§ **Data excerpts**:
**********

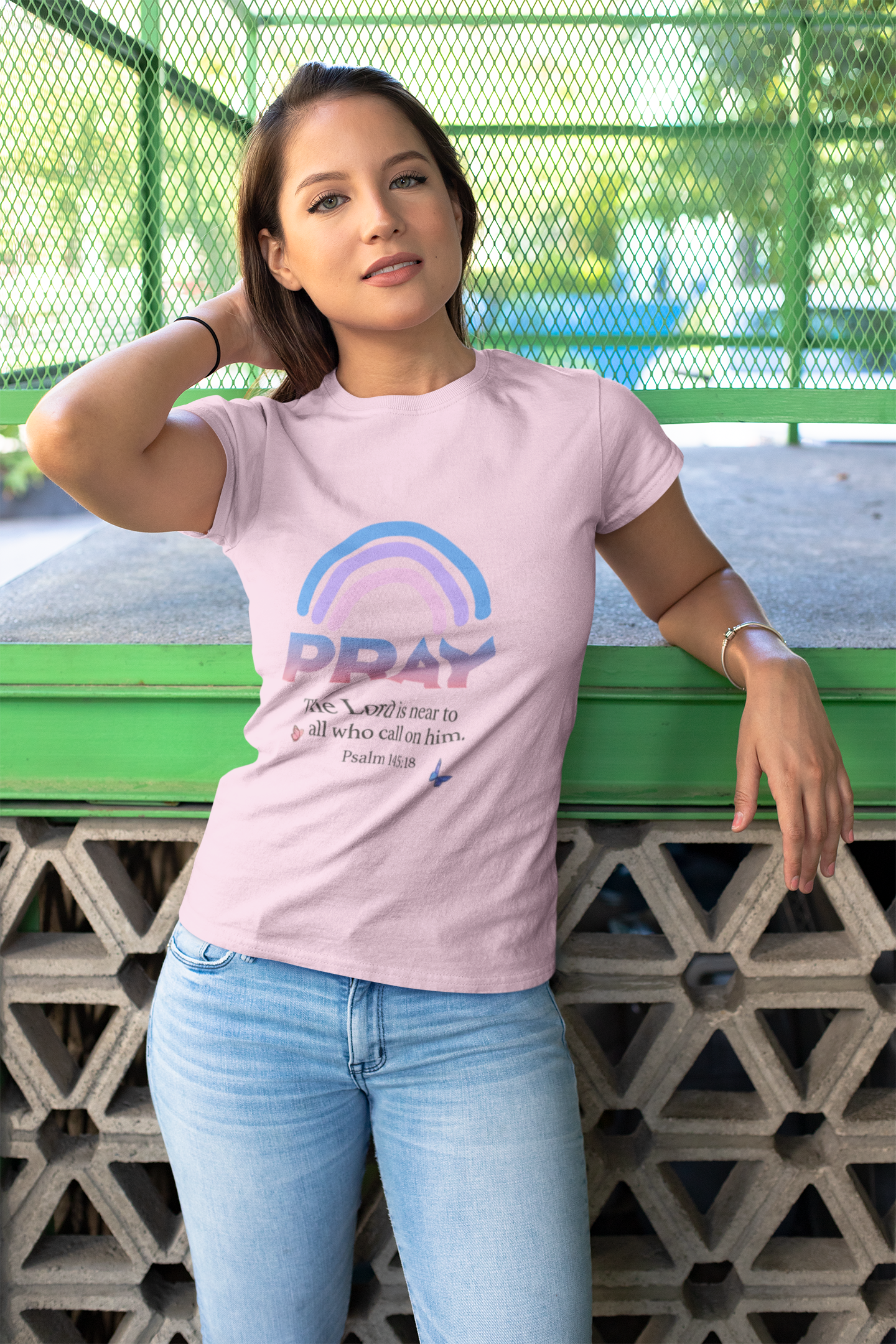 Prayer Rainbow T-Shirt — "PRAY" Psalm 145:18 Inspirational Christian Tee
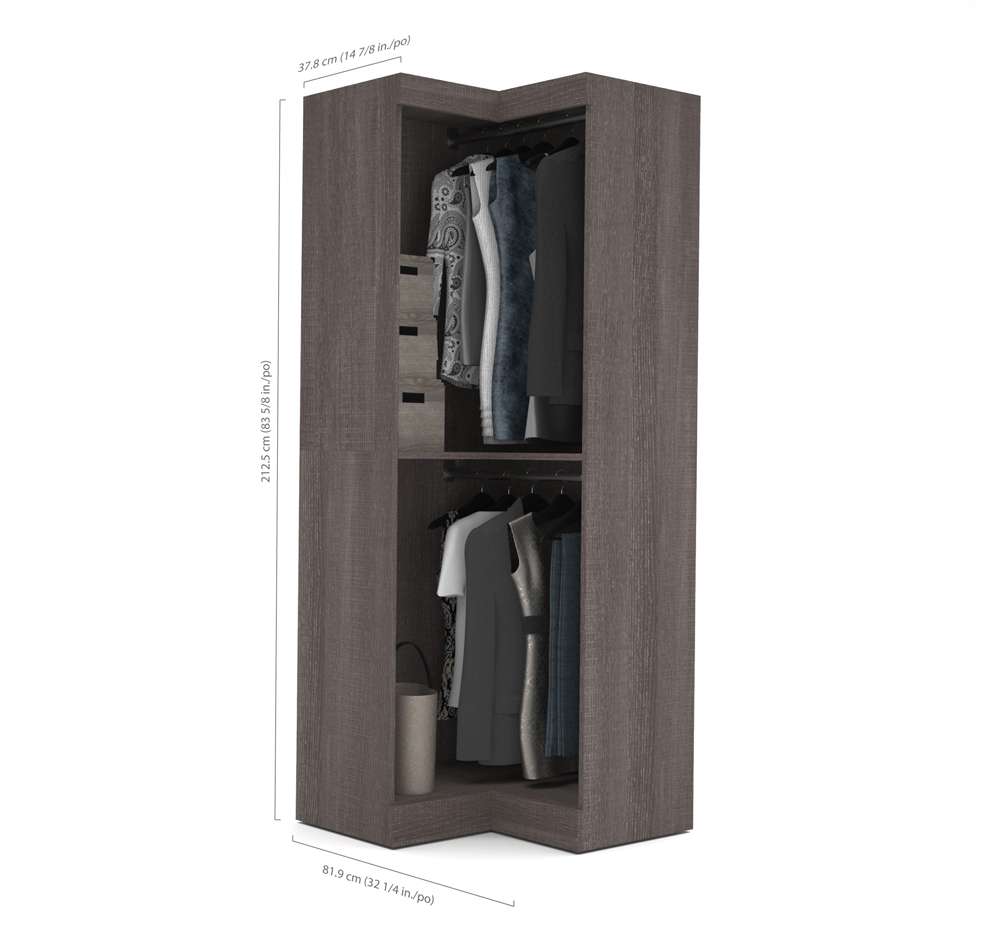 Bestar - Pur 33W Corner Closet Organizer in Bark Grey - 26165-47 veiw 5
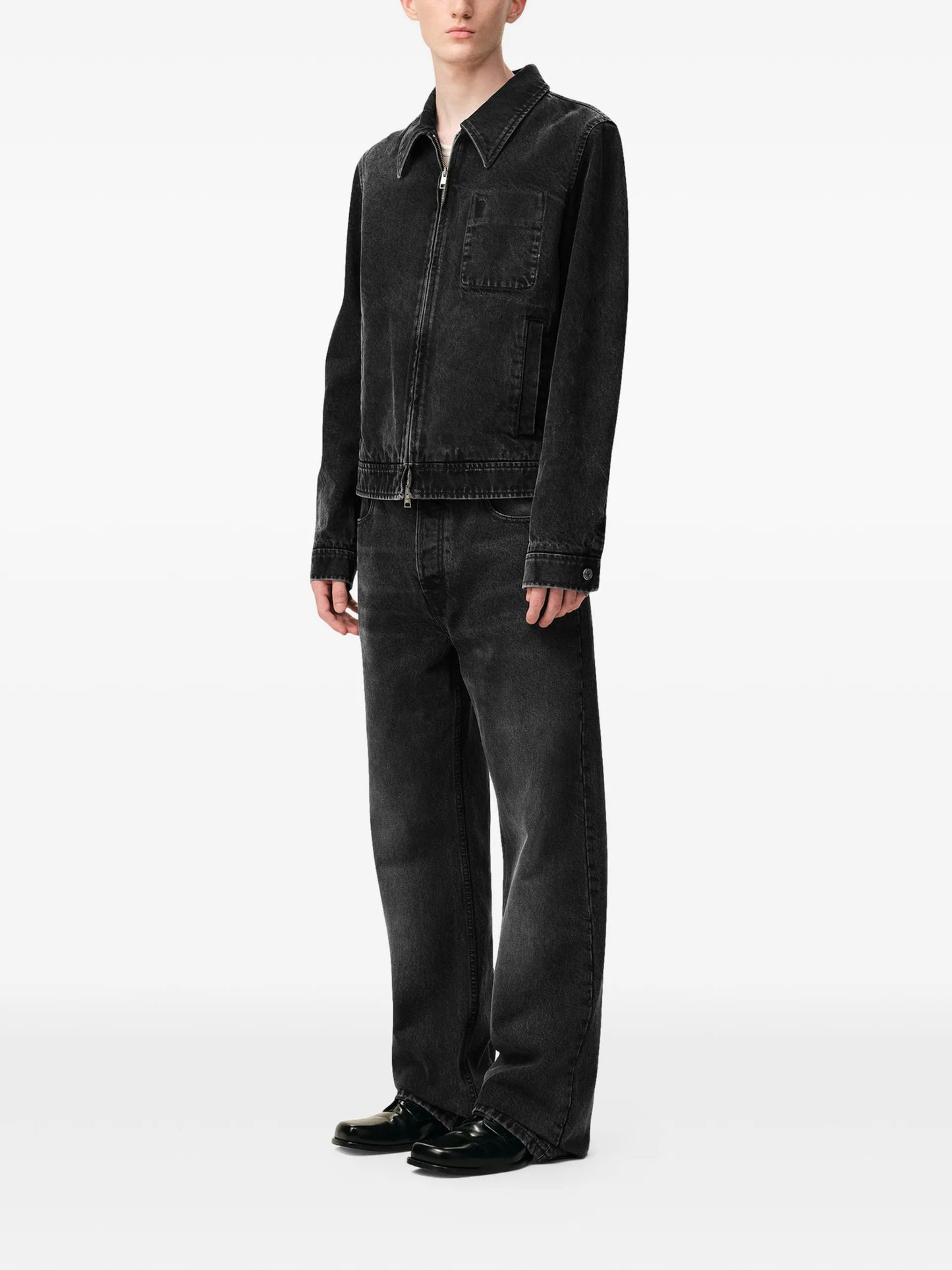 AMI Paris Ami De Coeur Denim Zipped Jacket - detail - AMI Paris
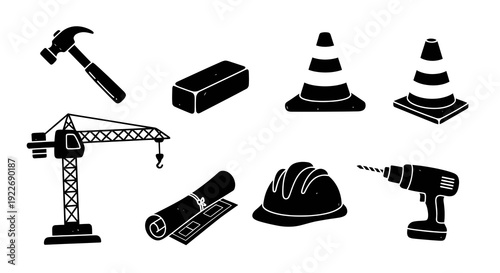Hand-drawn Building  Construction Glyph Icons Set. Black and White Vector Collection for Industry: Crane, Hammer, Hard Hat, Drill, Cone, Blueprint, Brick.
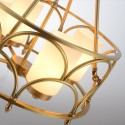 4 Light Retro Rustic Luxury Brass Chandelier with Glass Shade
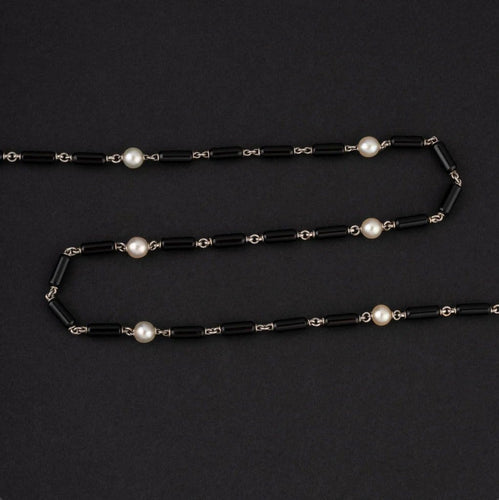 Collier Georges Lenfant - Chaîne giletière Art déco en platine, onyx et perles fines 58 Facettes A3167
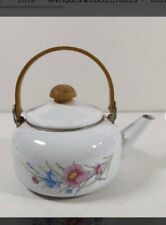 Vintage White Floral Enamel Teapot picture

**********

Every line of the data is to be transcribed exactly, and no picture is to be included.

§ **Exercise answer**:
 Prayer Rainbow T-Shirt — "PRAY" Psalm 145:18 Inspirational Christian Tee
 Bestar - Pur 33W Corner Closet Organizer in Bark Grey - 26165-47 veiw 5
 AMI Paris Ami De Coeur Denim Zipped Jacket - detail - AMI Paris
Hand-drawn Building  Construction Glyph Icons Set. Black and White Vector Collection for Industry: Crane, Hammer, Hard Hat, Drill, Cone, Blueprint, Brick.
 4 Light Retro Rustic Luxury Brass Chandelier with Glass Shade
 Collier Georges Lenfant - Chaîne giletière Art déco en platine, onyx et perles fines 58 Facettes A3167
 Vintage White Floral Enamel Teapot picture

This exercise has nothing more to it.